AI infrastructure, the key to global AI supremacy Premium
The Hindu
Artificial Intelligence infrastructure is the key factor in the global race for AI supremacy
The United States has made a bold move in the global artificial intelligence (AI) race with its new federal AI infrastructure policy. What appears to be a domestic initiative to establish AI data centres across federal lands, is actually a well-thought-out strategy to maintain America’s technological supremacy in this field. Other countries have also developed their own AI infrastructure strategies to face this competition. India faces resource constraints. The challenge for India, therefore, lies in adopting a strategy which will work without the deep financial reserves of the U.S. or China.
AI can be considered to be a technology in the mould of general purpose technologies (GPTs) that Jeffrey Ding has described in his GPT Diffusion Theory. It has a pervasive impact on different sectors, and requires a comprehensive infrastructure, including skill infrastructure, to thrive and diffuse.
The U.S. policy aims at national security and AI leadership at its core. This is not just about building data centres. It is about building enough infrastructure domestically to ensure that research and development in this field can progress without any impediments. It can help strengthen America’s position as the global AI gatekeeper, if it can control the compute or resources layer of the AI technology stack. However, does not this raise important questions about the future of technological cooperation in an interconnected world? This throws to the wind the traditional concepts of market forces and comparative advantages which should be driving the allocation of resources globally. Are these to be superseded by national security concerns?

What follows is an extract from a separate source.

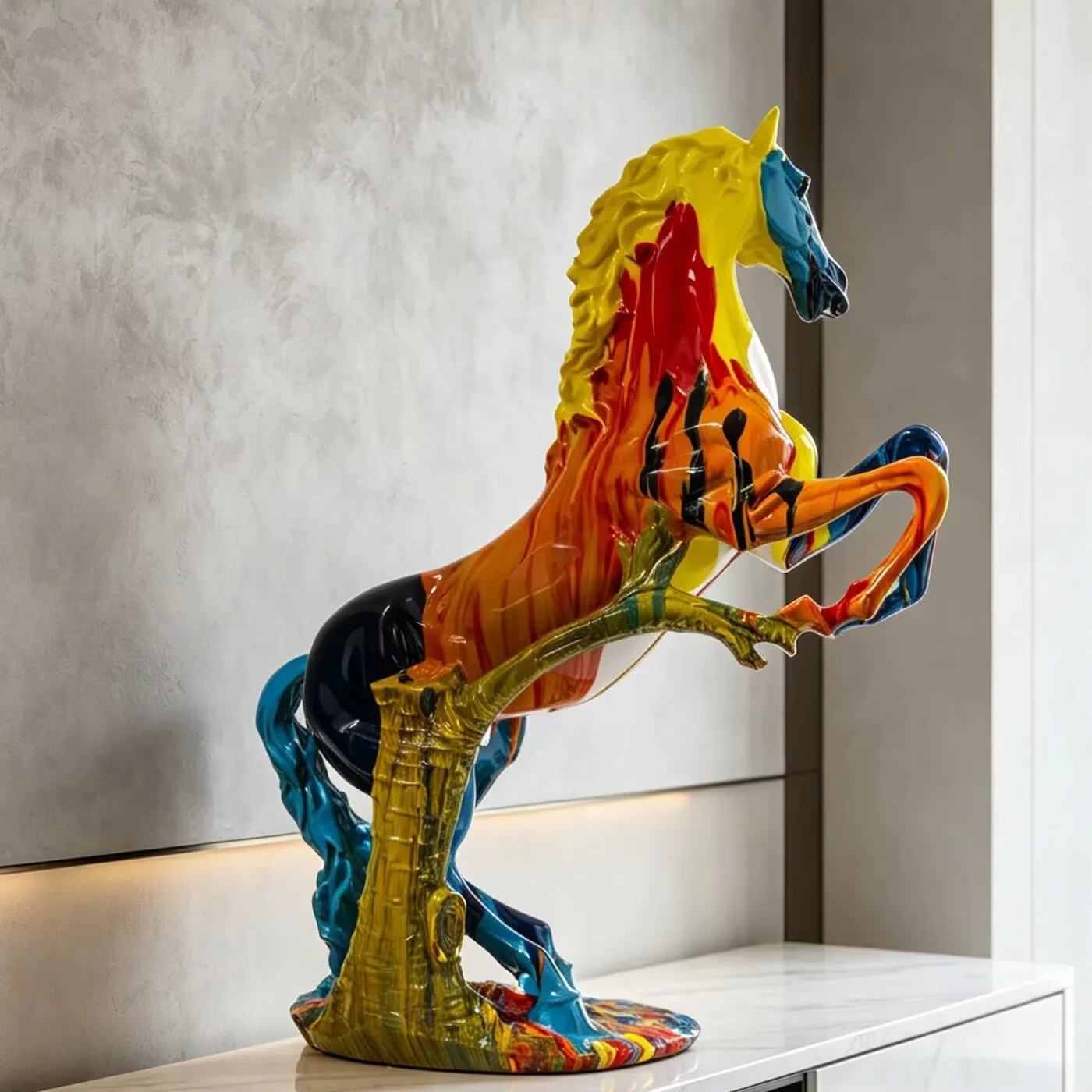 Room Decor Fine Horse Sculpture Luxury Colorful Splashing Horse Ornament Living Room Luxury Decoration Opening Gift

The answer is not straightforward. Techno-nationalism is here to stay, where a country’s worth is decided by its technological prowess. The U.S. has already imposed restrictions on the export of high-end AI chips to China. This highlights the geopolitical dimensions of AI infrastructure development.
The world will see a lot of this competitive one-upmanship in the garb of narratives of self-sufficiency and technological leadership. It would be better for nations to do a comprehensive cost-benefit analysis of such decisions to be able to harmonise national interests with global partnerships.
China also has invested heavily in domestic AI chip manufacturing and government-backed AI research. Companies such as Huawei and the Semiconductor Manufacturing International Corporation (SMIC) are at the forefront of developing indigenous alternatives to Nvidia’s AI chips, ensuring that China is not entirely dependent on western technology. A lot of this is driven by creative insecurity brought on by the tech and trade wars unleashed by the U.S. In addition, China, too, has aggressively been expanding its data centre networks, integrating AI computing with its broader push for digital infrastructure dominance under the Belt and Road Initiative. These are different models of doing the same thing — establishing AI supremacy. Unlike the U.S., which is leveraging public-private partnerships, China’s model is deeply state-driven, with massive subsidies and policy support ensuring rapid progress. One could argue that both are market distorting interventions.
The European Union is also taking AI infrastructure seriously but with a focus on ethics, regulation, and sustainability. They have been investing in sovereign cloud infrastructure to reduce reliance on foreign multi-national companies. Additionally, it is actively promoting open-source AI models. The aim is to keep AI development transparent and accessible to smaller businesses and researchers.